His character in The Boogie Man Will Get You could easily be seen as a distillation of all those mad scientists he’d played: the kindly, genial and very absent minded eccentric mildly obsessed with his great experiment, and somewhat unconcerned about the pile of dead bodies building up in his basement. Such a nuisance, really. Or, as he notes in his records, “results negligible.”
It is also interesting to see Peter Lorre playing a nicely goofy character which shows the knack for comedy that he rarely got a chance to use. It always seems strange to me when I see those late career appearances he made on TV and movies as a horror icon where they would talk about how scary he was. The truth is that Peter was a great character actor who played an impressive number of roles over his career, mostly in crime and mystery film, and really didn’t star in that many horror films. He ended up in a few of AIP’s more comic ensemble Horror films, like The Raven and Comedy of Terrors in the Sixties, but I suspect that had more to do with his recognizable name, that silky accent, and his comic abilities than any idea he was a superstar of horror cinema.

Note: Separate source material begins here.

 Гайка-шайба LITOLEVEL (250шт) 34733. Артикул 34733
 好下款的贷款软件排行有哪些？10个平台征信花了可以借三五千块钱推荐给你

He seems to be enjoying himself in a very eccentric role as the local bigwig who has most of the important jobs in town — Doctor, Lawyer, Mayor, Sheriff, Coroner, Health Inspector — as well as a thriving hair restorer business — who goes around with a cat in his pocket (watching him stuff it in his pocket face first, I ended wondering whether you could get the Humane Society to sign off on this one these days). I’ll confess it might be easier to picture Kenny Delmar in the role instead, doing his Senator Claghorn character (the one Mel Blanc insists was not, I say, was not, the inspiration for Foghorn Leghorn), but the character does so many unpredictable things that it takes all of Peter’s skill to make it work.
The Boogie Man Will Get You is fairly typical of many of the horror comedies of the time: we have a recognizable horror star, a lot of absurd slapstick, a few interruptions of murder or weirdness in an attempt to justify the horror label, and a fairly scattershot approach, as if they hoped that throwing enough funny stuff into the mix would at least keep the audience laughing hard enough that they wouldn’t expect much more. It’s classic screwball comedy, really, with only a few nods to horror and just about anything else they could squeeze in, from the screaming ghost of Uncas to an elderly woman clucking like a chicken and ex-boxer “Slapsie” Maxie Rosenbloom as a shy powder-puff salesman. It isn’t one of the truly great screwball comedies, but it is short enough that it really doesn’t matter.
It is also worth noting that the War makes a brief appearance as well, as a pair of state cops are taken prisoner by an over-zealous sentry, and an escaped Italian agent arrives near the end with a backpack full of dynamite and a fuse he is far too ready to light.
And, of course, Boris’ plan involves trying to create the ultimate super-soldier who can wade right in and win this war almost on his own. If he can only get his process to work this time…
Oh, well, we can’t all be Dr. Abraham Erskine, right?